## Caption-style text data
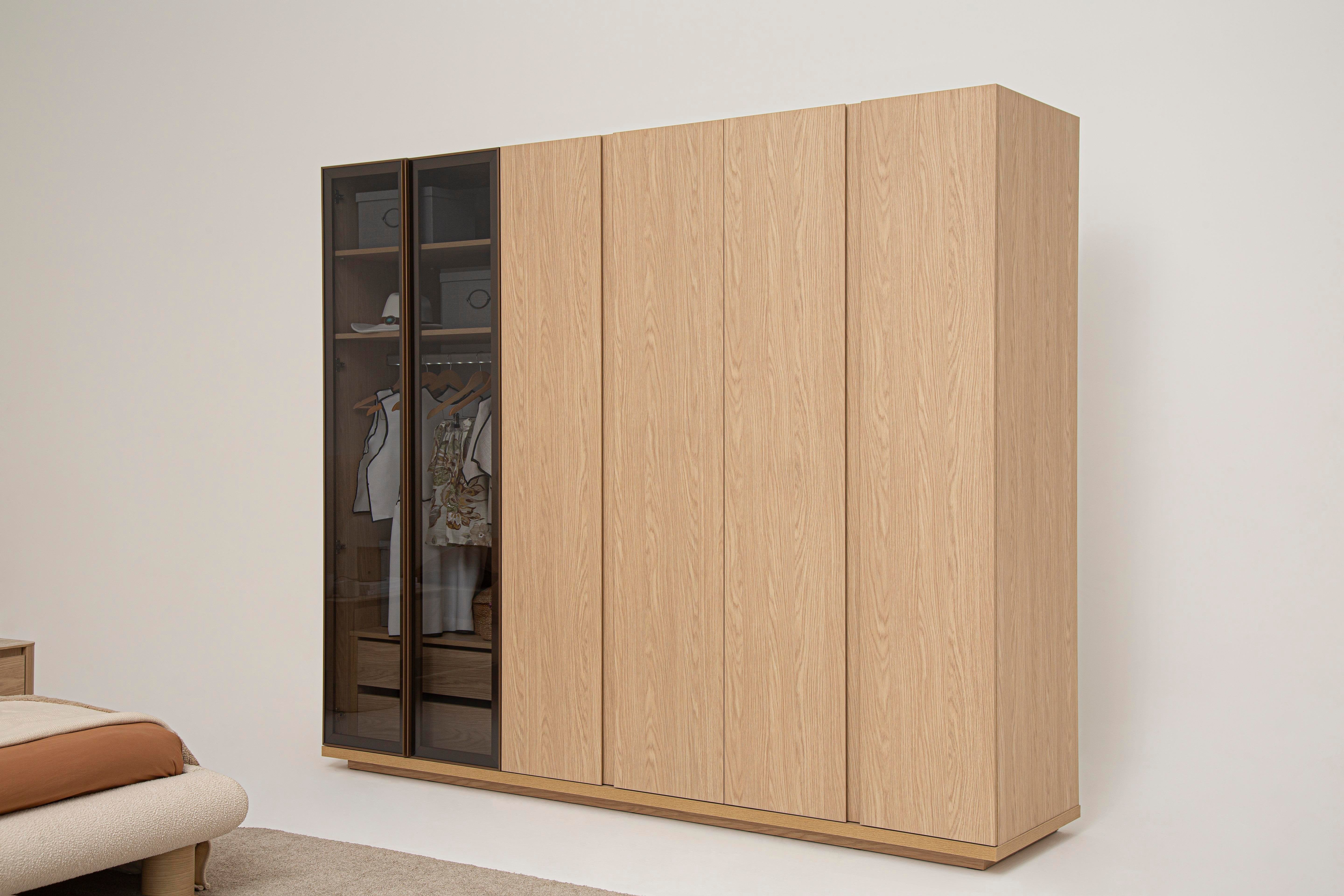 Bedroom Set Elior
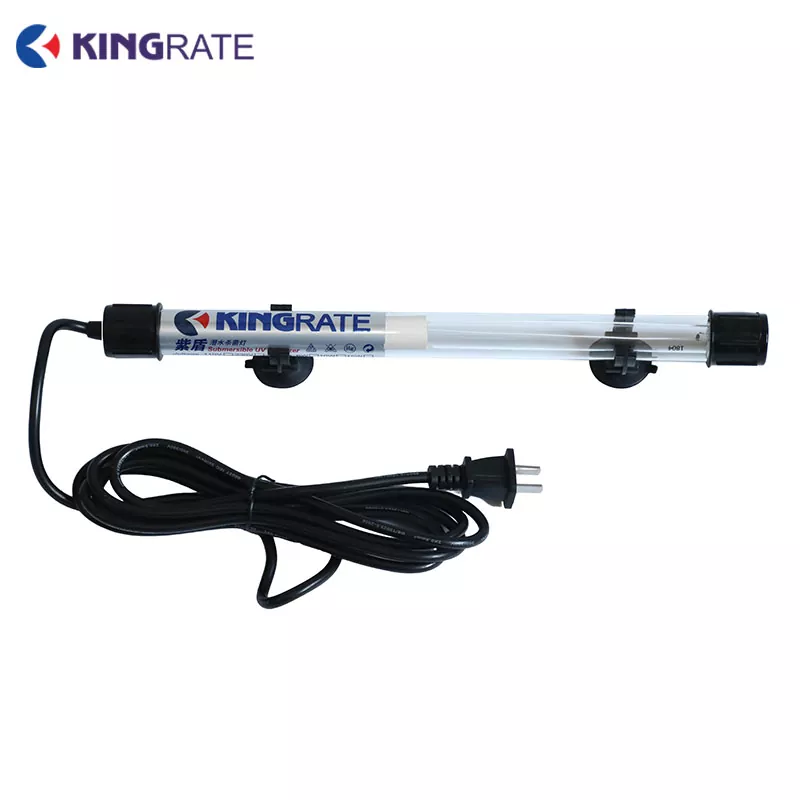 UV جراثیم کشی کے لئے کس چیز کا استعمال کیا جاتا ہے؟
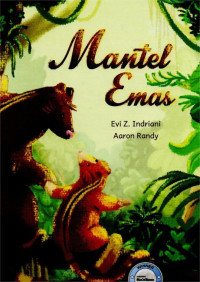 Image of MANTEL EMAS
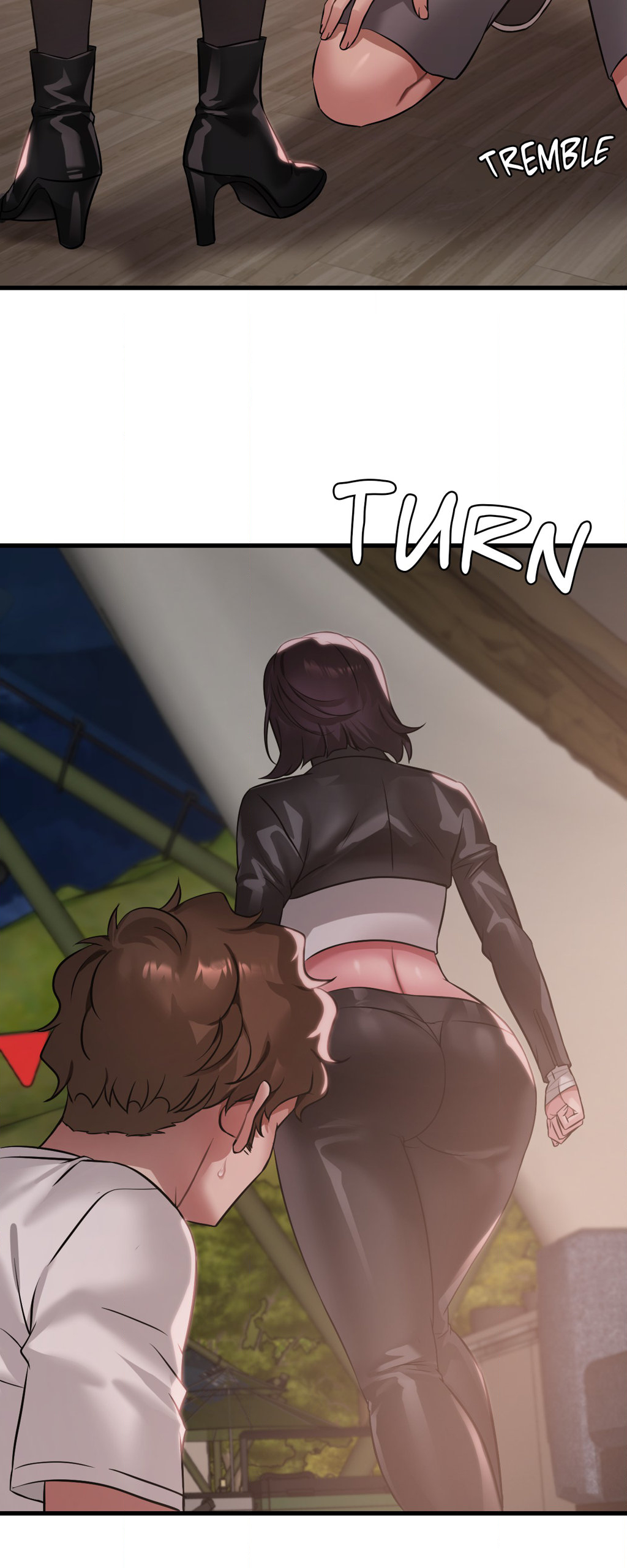 Drunk on You Chapter 81 image 38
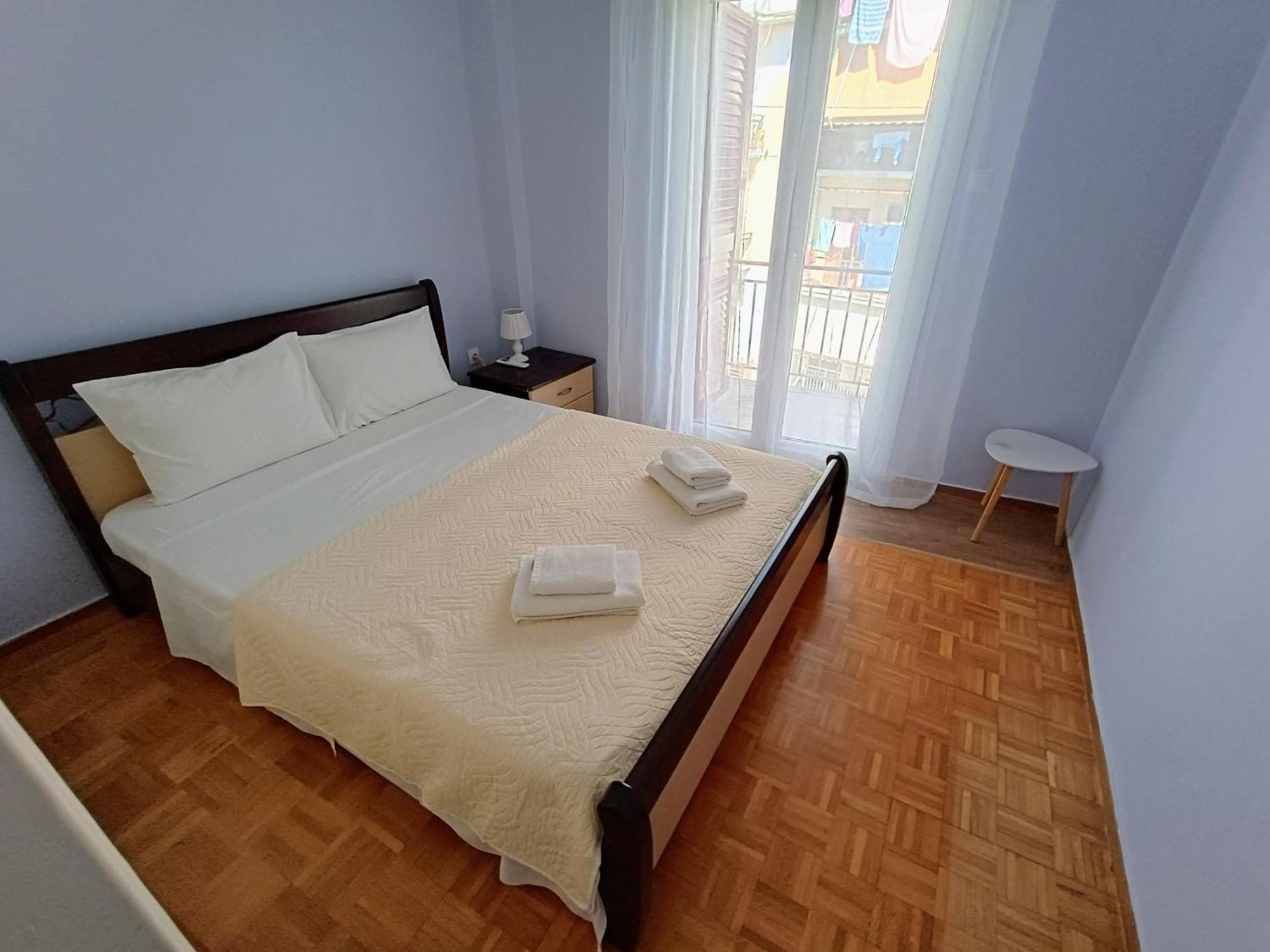 Nick'S Apartment - Corfu Center Corfu (city) Exterior foto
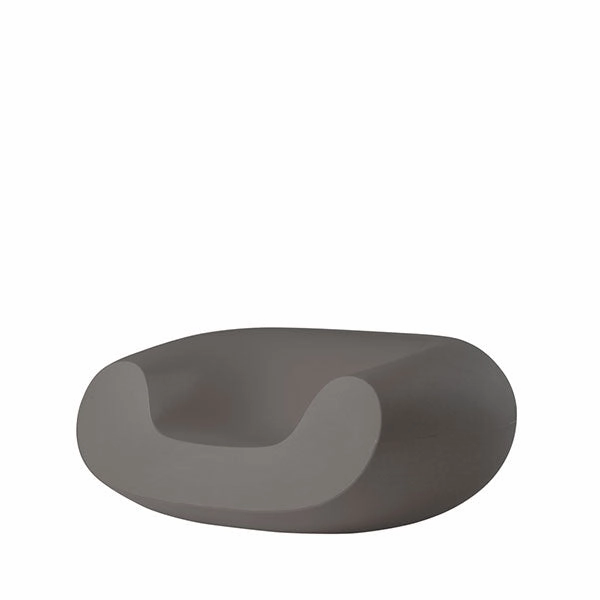 Chubby Armchair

## Your assignment
Copy only this, please: the line with "Image of MANTEL EMAS" and every line after it through the end of the data, with no pictures.

## Reply
 Image of MANTEL EMAS
 Drunk on You Chapter 81 image 38
 Nick'S Apartment - Corfu Center Corfu (city) Exterior foto
 Chubby Armchair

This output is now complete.